- [Description of the task] In the entries that follow, which lines hold the string "Necklace"? List them.

- [Short web captions]
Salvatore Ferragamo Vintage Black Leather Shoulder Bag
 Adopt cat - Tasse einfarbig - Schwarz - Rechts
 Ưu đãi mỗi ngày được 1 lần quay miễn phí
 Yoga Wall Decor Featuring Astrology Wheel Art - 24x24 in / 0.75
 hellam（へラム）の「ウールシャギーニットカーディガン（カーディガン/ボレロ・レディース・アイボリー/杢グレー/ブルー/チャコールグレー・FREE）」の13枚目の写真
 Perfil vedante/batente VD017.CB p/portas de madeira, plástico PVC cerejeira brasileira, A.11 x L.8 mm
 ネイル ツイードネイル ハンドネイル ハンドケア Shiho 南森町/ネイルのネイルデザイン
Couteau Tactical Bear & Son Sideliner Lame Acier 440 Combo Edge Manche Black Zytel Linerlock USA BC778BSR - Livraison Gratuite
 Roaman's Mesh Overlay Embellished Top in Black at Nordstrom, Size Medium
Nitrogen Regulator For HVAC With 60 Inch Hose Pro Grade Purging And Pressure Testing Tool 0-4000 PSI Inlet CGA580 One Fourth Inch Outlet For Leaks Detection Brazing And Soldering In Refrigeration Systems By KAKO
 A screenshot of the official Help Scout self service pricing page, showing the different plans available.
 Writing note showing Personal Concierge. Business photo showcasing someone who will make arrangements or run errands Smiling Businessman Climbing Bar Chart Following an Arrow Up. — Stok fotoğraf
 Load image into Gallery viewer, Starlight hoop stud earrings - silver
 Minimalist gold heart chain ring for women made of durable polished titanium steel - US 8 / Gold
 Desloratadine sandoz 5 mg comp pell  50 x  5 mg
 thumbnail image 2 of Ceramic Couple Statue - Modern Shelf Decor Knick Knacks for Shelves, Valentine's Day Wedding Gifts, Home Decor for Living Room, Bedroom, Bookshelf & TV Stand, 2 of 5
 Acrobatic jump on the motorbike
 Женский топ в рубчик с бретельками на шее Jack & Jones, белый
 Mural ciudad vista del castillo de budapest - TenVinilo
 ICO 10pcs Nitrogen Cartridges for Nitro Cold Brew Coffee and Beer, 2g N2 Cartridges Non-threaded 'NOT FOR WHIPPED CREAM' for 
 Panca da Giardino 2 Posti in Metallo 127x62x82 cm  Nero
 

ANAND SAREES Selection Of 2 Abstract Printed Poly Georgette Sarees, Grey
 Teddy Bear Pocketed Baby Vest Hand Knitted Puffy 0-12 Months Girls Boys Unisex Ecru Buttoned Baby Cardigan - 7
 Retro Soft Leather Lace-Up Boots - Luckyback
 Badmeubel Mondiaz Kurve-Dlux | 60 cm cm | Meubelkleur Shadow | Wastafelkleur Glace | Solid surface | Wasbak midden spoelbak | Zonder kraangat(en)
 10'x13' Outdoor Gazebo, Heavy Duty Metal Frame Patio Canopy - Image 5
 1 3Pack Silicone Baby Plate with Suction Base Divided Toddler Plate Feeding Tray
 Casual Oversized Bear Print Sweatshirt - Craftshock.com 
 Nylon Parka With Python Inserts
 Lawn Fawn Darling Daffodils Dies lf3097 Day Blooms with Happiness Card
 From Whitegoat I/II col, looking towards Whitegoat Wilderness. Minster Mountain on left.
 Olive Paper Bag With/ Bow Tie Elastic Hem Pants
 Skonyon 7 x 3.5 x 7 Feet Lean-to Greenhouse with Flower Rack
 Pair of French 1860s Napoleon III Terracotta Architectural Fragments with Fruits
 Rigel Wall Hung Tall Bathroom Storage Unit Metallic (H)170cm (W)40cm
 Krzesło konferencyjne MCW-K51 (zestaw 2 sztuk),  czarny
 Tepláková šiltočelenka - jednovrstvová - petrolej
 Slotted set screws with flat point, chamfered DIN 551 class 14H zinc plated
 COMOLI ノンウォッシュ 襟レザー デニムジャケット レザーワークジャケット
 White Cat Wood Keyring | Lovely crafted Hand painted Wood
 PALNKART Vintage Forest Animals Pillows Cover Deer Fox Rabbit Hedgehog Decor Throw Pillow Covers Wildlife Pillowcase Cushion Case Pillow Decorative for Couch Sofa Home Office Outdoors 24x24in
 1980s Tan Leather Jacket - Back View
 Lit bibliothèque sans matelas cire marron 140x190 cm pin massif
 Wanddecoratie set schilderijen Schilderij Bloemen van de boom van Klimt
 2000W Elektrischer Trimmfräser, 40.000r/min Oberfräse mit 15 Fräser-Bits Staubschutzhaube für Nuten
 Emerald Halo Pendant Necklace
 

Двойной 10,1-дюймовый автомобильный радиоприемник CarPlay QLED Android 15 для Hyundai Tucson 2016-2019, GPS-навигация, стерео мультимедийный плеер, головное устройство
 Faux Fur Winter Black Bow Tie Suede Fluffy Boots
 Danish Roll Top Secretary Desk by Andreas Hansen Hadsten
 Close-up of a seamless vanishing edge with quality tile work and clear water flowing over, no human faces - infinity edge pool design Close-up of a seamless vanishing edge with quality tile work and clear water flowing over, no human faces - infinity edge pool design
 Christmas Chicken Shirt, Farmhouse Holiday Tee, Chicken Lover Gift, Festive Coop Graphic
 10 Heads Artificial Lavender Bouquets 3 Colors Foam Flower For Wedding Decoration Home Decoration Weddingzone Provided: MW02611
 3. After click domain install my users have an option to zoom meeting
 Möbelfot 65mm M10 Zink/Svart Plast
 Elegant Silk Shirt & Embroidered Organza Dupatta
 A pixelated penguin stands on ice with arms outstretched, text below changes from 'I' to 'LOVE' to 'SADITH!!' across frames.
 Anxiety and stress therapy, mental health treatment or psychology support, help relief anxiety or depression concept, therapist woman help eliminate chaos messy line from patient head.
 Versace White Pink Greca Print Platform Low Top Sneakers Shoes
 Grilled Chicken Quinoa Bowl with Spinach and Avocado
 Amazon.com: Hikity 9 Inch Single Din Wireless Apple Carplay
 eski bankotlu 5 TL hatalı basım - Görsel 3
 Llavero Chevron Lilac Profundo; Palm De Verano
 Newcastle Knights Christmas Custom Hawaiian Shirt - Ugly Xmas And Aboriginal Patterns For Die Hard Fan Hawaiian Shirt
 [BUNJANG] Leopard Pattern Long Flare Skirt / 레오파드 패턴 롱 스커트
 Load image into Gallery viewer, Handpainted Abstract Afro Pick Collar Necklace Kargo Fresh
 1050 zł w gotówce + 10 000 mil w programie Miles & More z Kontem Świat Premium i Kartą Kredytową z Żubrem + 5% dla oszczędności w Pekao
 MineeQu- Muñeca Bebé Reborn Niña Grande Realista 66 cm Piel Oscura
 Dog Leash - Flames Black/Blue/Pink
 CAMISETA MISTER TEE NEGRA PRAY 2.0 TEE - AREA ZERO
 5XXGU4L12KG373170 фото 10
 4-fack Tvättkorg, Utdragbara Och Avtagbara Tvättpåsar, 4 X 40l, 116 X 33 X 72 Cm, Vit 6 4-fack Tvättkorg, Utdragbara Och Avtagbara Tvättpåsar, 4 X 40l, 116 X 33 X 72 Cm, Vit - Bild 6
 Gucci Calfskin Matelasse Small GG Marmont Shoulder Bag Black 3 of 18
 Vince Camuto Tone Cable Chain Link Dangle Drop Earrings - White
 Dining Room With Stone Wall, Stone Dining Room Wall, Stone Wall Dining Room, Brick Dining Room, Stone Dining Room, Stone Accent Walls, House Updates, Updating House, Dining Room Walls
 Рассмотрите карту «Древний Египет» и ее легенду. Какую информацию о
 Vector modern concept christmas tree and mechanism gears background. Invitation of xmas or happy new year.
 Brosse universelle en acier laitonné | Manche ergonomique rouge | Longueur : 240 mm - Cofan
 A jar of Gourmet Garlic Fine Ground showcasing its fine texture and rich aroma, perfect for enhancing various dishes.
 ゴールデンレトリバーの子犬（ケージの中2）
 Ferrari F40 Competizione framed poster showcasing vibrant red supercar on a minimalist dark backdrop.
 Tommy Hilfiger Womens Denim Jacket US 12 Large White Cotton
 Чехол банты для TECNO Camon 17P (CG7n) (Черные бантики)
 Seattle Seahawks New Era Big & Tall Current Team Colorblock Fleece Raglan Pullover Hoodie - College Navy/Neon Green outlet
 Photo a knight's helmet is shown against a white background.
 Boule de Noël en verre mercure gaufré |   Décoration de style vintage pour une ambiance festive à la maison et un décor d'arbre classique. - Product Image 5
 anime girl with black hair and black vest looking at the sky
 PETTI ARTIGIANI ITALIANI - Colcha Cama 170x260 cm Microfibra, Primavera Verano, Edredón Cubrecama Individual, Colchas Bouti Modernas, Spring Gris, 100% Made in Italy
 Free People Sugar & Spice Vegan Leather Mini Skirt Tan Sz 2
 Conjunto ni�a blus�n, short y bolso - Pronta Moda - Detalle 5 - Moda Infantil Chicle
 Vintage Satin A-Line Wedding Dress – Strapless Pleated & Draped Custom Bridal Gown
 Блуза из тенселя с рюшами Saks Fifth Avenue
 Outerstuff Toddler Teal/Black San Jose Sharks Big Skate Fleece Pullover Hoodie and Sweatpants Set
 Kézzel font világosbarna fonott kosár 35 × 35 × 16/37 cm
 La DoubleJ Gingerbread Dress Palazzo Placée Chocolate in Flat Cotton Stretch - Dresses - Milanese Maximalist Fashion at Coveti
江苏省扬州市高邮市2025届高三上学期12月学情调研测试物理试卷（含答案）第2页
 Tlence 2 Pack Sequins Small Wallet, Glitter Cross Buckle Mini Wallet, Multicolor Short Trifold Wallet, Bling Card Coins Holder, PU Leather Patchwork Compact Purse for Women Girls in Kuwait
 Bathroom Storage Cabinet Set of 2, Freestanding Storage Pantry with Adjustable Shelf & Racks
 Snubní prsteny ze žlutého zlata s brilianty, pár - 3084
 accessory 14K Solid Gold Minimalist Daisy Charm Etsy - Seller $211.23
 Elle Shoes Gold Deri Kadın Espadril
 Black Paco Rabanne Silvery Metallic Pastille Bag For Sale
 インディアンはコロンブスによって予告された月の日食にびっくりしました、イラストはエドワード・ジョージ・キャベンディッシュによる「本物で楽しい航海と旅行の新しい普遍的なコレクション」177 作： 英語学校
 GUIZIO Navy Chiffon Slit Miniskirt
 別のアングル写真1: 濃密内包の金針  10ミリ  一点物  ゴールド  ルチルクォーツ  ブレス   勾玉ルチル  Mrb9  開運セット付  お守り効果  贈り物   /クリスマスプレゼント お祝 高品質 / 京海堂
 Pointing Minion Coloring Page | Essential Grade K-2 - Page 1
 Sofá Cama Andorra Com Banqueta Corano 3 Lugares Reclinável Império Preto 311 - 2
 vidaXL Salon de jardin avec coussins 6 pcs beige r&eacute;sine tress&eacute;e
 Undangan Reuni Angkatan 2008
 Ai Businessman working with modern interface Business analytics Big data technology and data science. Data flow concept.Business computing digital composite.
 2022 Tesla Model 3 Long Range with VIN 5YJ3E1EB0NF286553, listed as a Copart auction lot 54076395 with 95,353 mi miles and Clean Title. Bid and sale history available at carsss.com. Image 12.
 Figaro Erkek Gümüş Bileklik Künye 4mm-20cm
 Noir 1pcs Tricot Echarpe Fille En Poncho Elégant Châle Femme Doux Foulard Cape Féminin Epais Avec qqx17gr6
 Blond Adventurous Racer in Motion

- [Answer box]
 Emerald Halo Pendant Necklace
 Load image into Gallery viewer, Handpainted Abstract Afro Pick Collar Necklace Kargo Fresh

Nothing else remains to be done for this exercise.